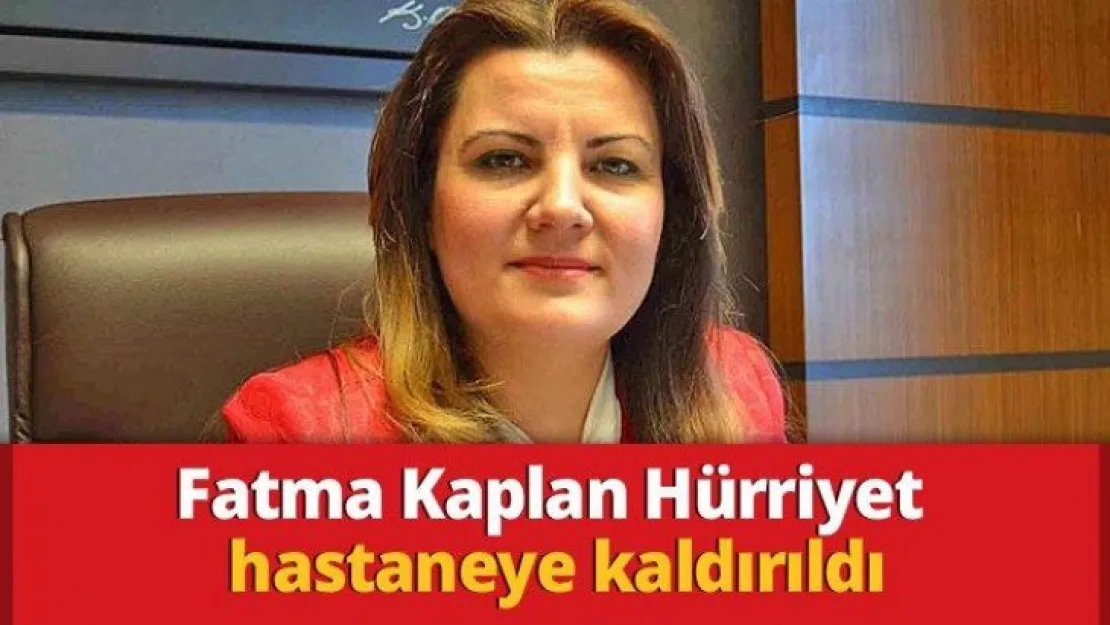 Fatma Kaplan Hürriyet hastaneye kaldırıldı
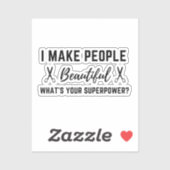 Sticker Je Rends les gens beaux, quel est votre super-pouv (Feuille)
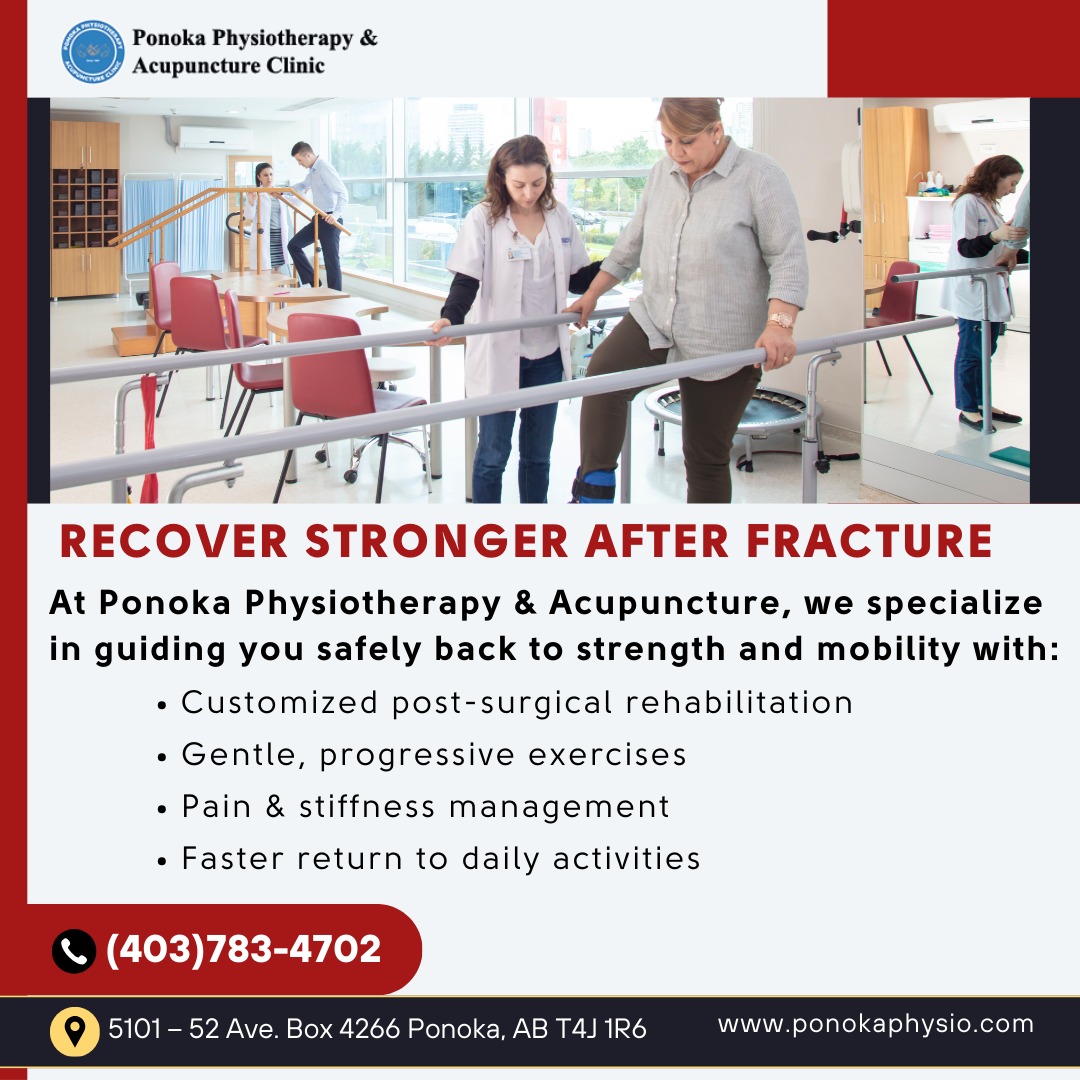 Ponoka Physiotherapy & Acupuncture Clinic Facebook ad: Recover Stronger After a Fracture with PonokaPhysio!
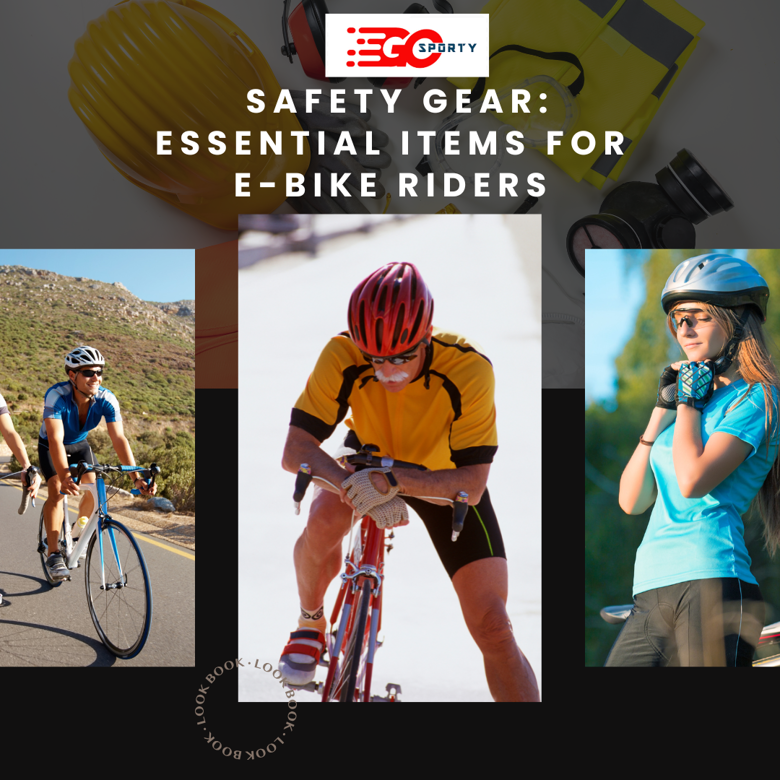 Safety Gear: Essential Items for E-Bike Riders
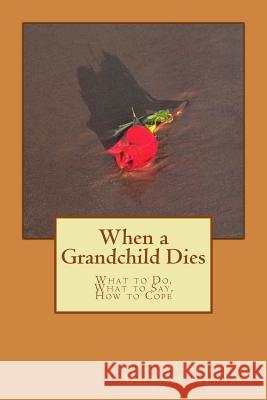 When a Grandchild Dies: What to Do, What to Say, How to Cope Nadine Galinsky Feldman 9781500986926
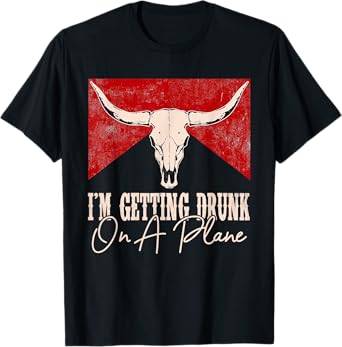 I'm Getting Drunk On A Plane Western Cactus Deserts Cowboy T-Shirt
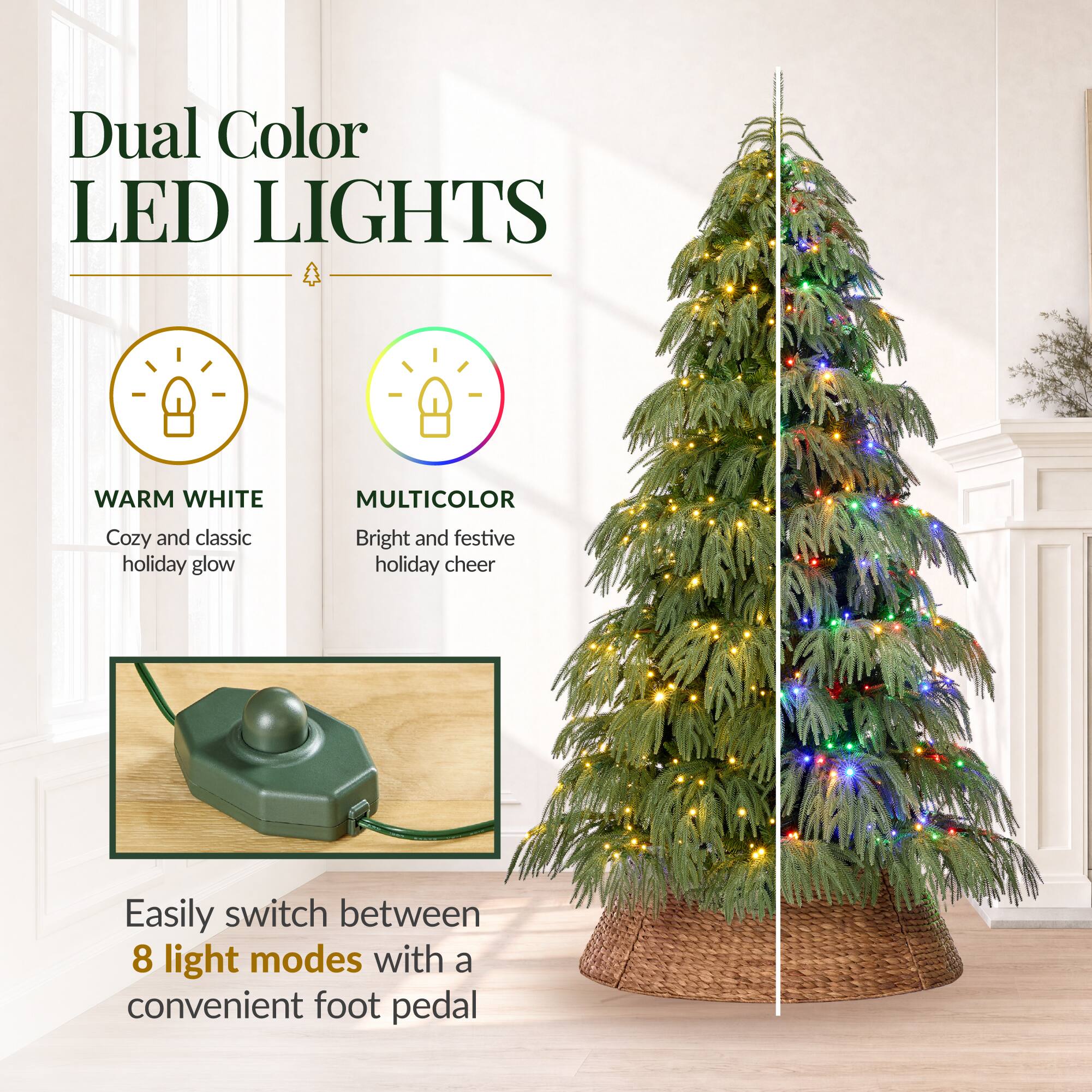 Dual Color LED LIGHTS

WARM WHITE
Cozy and classic holiday glow

MULTICOLOR
Bright and festive holiday cheer

Easily switch between 8 light modes with a convenient foot pedal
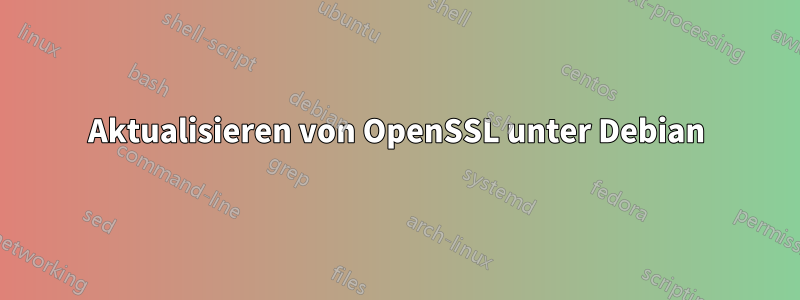Aktualisieren von OpenSSL unter Debian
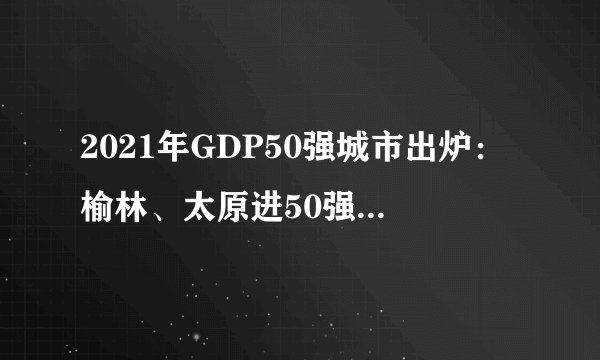 2021年GDP50强城市出炉：榆林、太原进50强，哈尔滨继续下滑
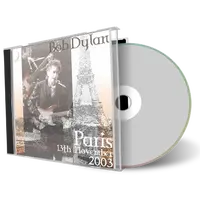 Artwork Cover of Bob Dylan 2003-11-13 CD Paris Audience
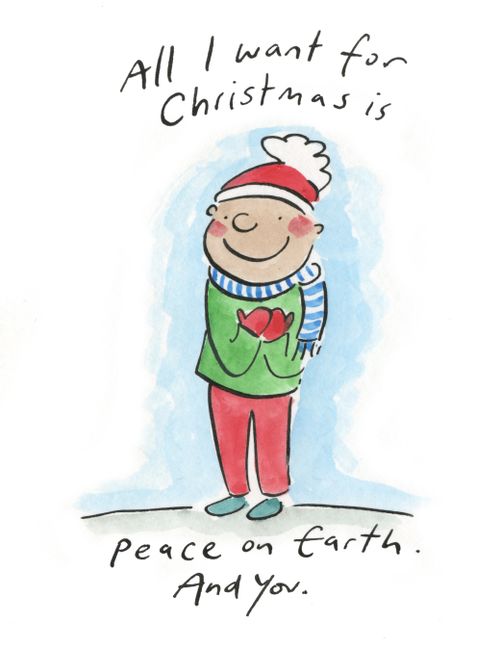 All I want for Christmas is. . . Peace on Earth. And You.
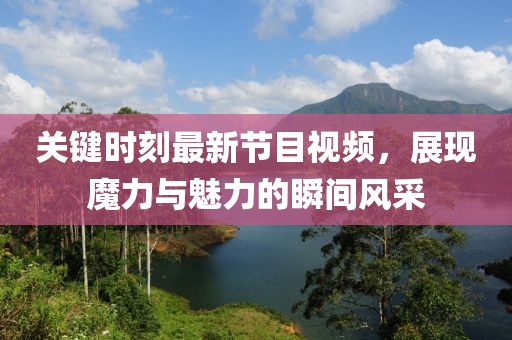 关键时刻最新节目视频，展现魔力与魅力的瞬间风采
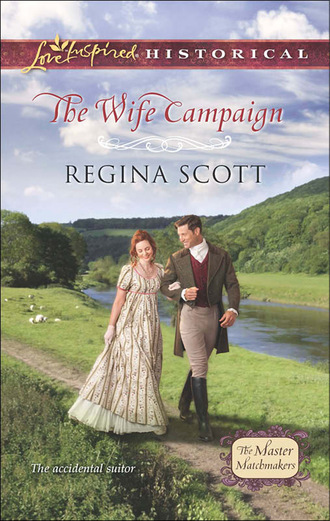 Regina Scott. The Wife Campaign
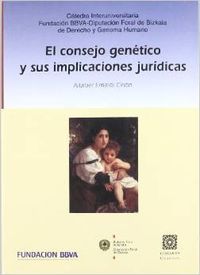 El consejo genetico y sus implicaciones juridicas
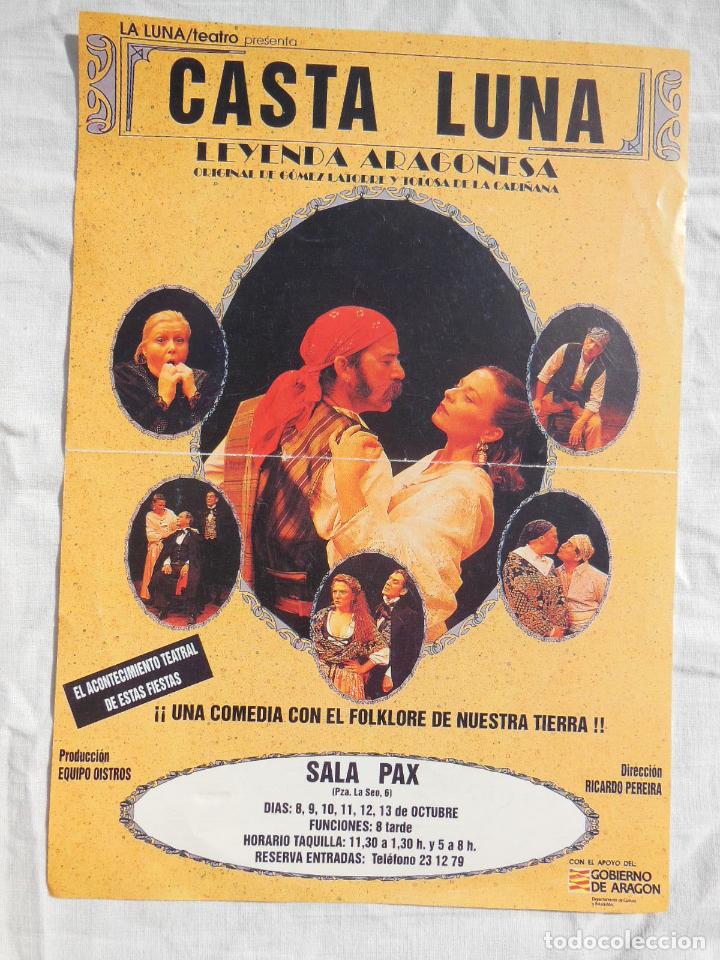 Coleccionismo de carteles: CASTA LUNA, Leyenda Aragonesa. G&Oacute;MEZ DE LA TORRE Y TOLOSA DE LA CARI&Ntilde;ANA (original de) Zaragoza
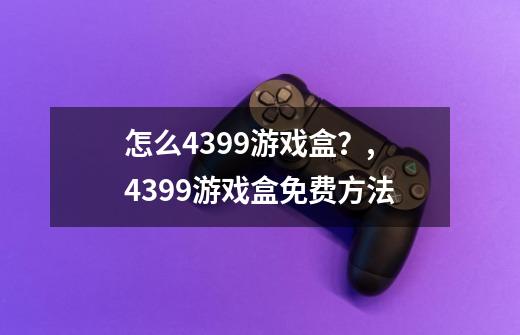 怎么4399游戏盒？,4399游戏盒免费方法-第1张-游戏相关-龙启科技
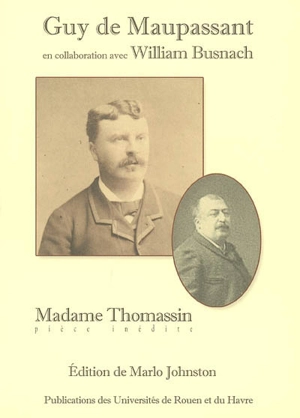 Madame Thomassin : pièce inédite - Guy de Maupassant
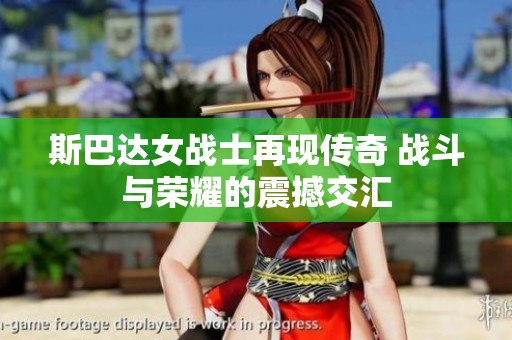 斯巴达女战士再现传奇 战斗与荣耀的震撼交汇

· · ·

Activity: The answer consists of every line above in which the word "holiday" occurs.

Answer to the exercise:
Cozy and classic holiday glow
Bright and festive holiday cheer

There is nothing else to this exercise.